--- RECORDED DATA Enclosed Below ---

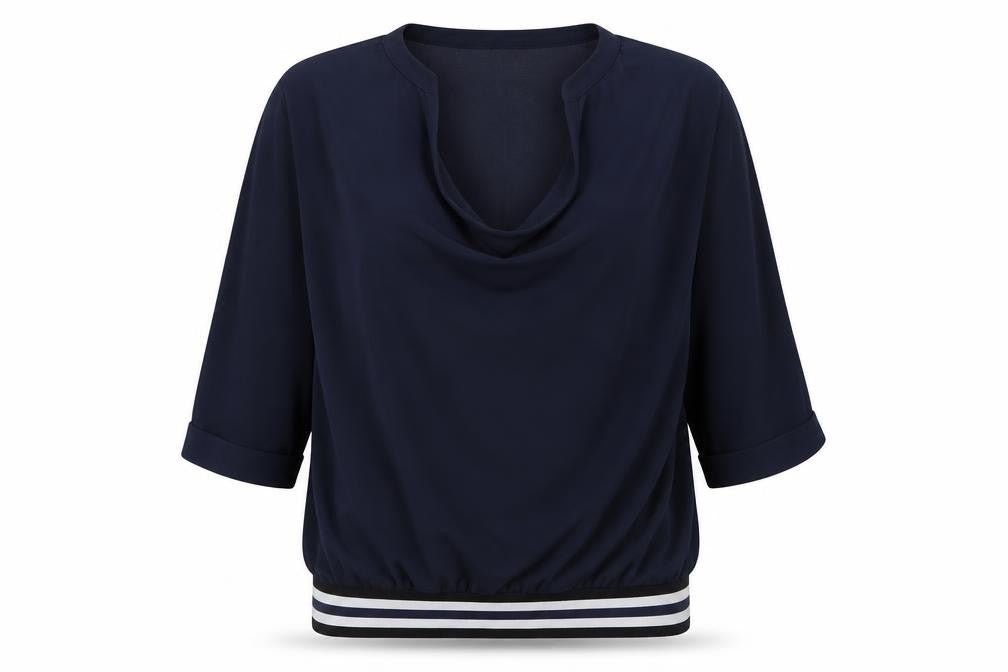Part Two Womens Blue Polyester Basic Blouse Size 8 Cowl Neck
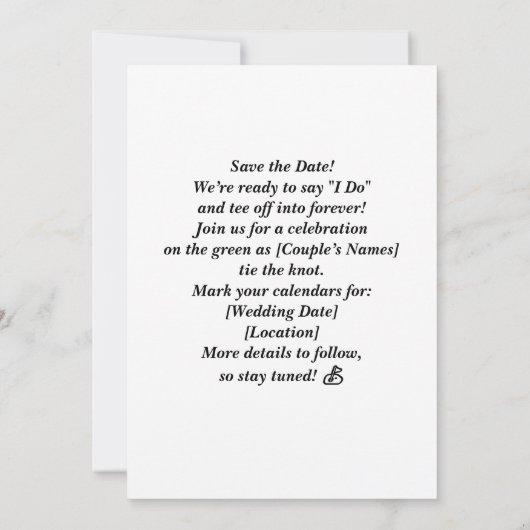 Golf Wedding Save the Date Golf thema Kaart (Achterkant)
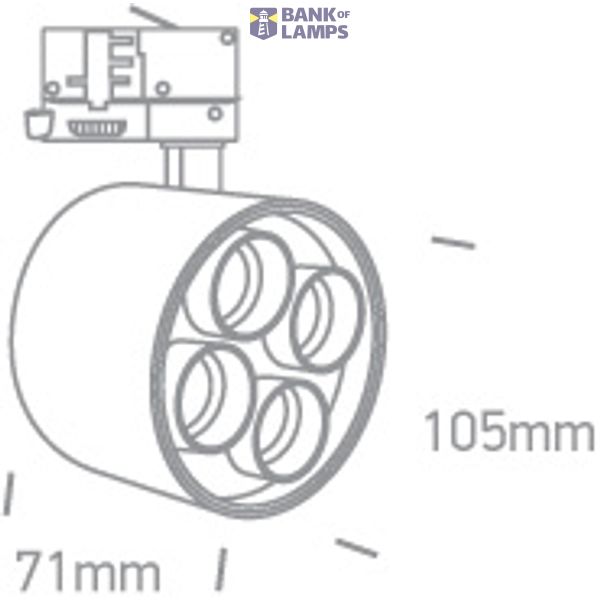 WHITE 24W TRACK SPOT WW IP20 230V DARK LIGHT image 2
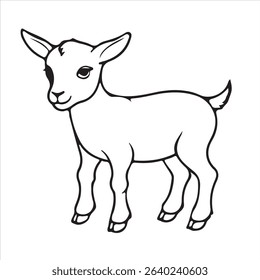 Baby Goat Silhouette on white bacground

--- End of Enclosed RECORDED DATA ---

PROBLEM STATEMENT -> Copy out the data above exactly, except the pictures.

RESPONSE AREA ->
Part Two Womens Blue Polyester Basic Blouse Size 8 Cowl Neck
 Golf Wedding Save the Date Golf thema Kaart (Achterkant)
 WHITE 24W TRACK SPOT WW IP20 230V DARK LIGHT image 2
 Baby Goat Silhouette on white bacground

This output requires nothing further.